* _BRIEF_: Work through the records below and copy every line that includes "with".

"""

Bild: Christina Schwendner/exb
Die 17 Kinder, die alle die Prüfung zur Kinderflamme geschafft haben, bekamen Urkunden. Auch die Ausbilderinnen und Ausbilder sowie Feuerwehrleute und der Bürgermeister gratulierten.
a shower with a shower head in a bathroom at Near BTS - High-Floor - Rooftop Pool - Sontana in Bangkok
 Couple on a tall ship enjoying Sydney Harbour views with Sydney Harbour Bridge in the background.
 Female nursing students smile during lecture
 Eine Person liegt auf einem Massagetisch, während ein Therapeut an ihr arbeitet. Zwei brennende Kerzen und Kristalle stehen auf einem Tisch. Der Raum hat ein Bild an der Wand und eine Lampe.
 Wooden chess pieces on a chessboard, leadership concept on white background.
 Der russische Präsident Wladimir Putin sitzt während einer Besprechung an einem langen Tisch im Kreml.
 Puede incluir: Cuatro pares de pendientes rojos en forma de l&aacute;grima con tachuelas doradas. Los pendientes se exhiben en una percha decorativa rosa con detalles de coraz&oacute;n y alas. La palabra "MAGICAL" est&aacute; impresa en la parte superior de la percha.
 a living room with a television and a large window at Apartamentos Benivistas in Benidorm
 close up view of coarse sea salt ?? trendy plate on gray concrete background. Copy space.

"""

* _YOUR RESPONSE_:
a shower with a shower head in a bathroom at Near BTS - High-Floor - Rooftop Pool - Sontana in Bangkok
 Couple on a tall ship enjoying Sydney Harbour views with Sydney Harbour Bridge in the background.
 a living room with a television and a large window at Apartamentos Benivistas in Benidorm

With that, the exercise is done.